Rescuing animals during disasters - United StatesIn a disaster, animals can’t ask for help
Washington, DC, September 2, 2021 - On Sunday, 29 August 2021, the 16th anniversary of Hurricane Katrina, Hurricane Ida made landfall in Port Fourchon, Louisiana, unleashing devastating high winds, life-threatening storm surges and widespread flooding. Within 24 hours of the Louisiana Department of Agriculture and Forestry (LDAF) request to the International Fund for Animal Welfare (IFAW), teams were en route to provide emergency support, including water rescue, temporary shelter and animal search and rescue (ASAR).
The state also requested support from Code 3 Associates (Code 3) and the American Society for the Prevention of Cruelty to Animals (ASPCA). All three organizations are working closely together on the ground to help the hardest hit areas.

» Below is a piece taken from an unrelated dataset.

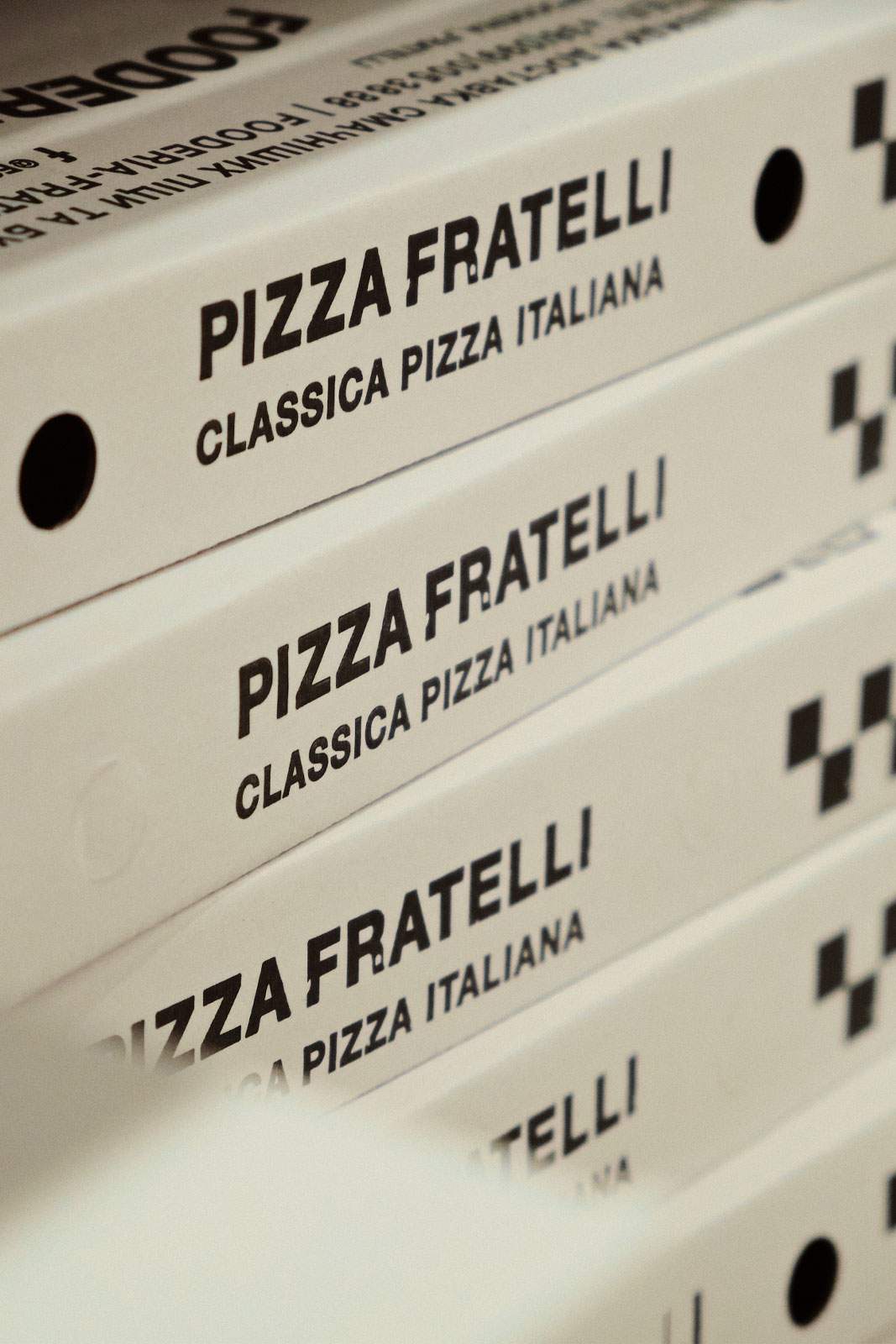 Photo of a pizza box. Branding and Packaging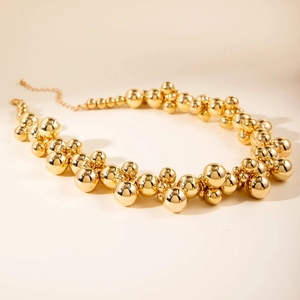 Exaggerated gold beaded choker with clustered polished CCB spheres for women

“The devastation we are seeing is catastrophic as this was a dangerous and powerful storm with higher wind speeds than Hurricane Katrina. In advance of Ida’s landfall, we prepared our teams and equipment for a possible request for support. When LDAF’s request came in, we were able to deploy within 24 hours and get to work,” said Shannon Walajtys, Program Director for Disaster Response and Risk Reduction at IFAW.
Under the direction of state and local authorities, IFAW teams conducted water rescue operations, wrapping up the day with the dramatic rescue of a woman and her animals, including her 16-year old cocker spaniel. She refused to leave her animals behind and wanted to make sure they would be brought to safety as well.
“We want to keep families together, especially in the wake of devastation like we see here in Louisiana. Those in the hardest hit areas have lost everything and our goal is that families, including our furry family members, are kept together so the recovery process can begin and families can rebuild,” said Walajtys. “Hurricane Ida demonstrated the increased threats we are seeing in catastrophic disaster events around the world. Our IFAW teams see the escalating intensity and destructiveness of natural disasters, whether a hurricane, an earthquake or a wildfire, natural events that are devastating to both people and animals.”
As recovery begins, IFAW continues to work under the direction of state and local authorities conducting field assessments for community needs, rescuing injured animals and providing emergency grants to support veterinary care, sheltering, pet food distribution and humanitarian aid.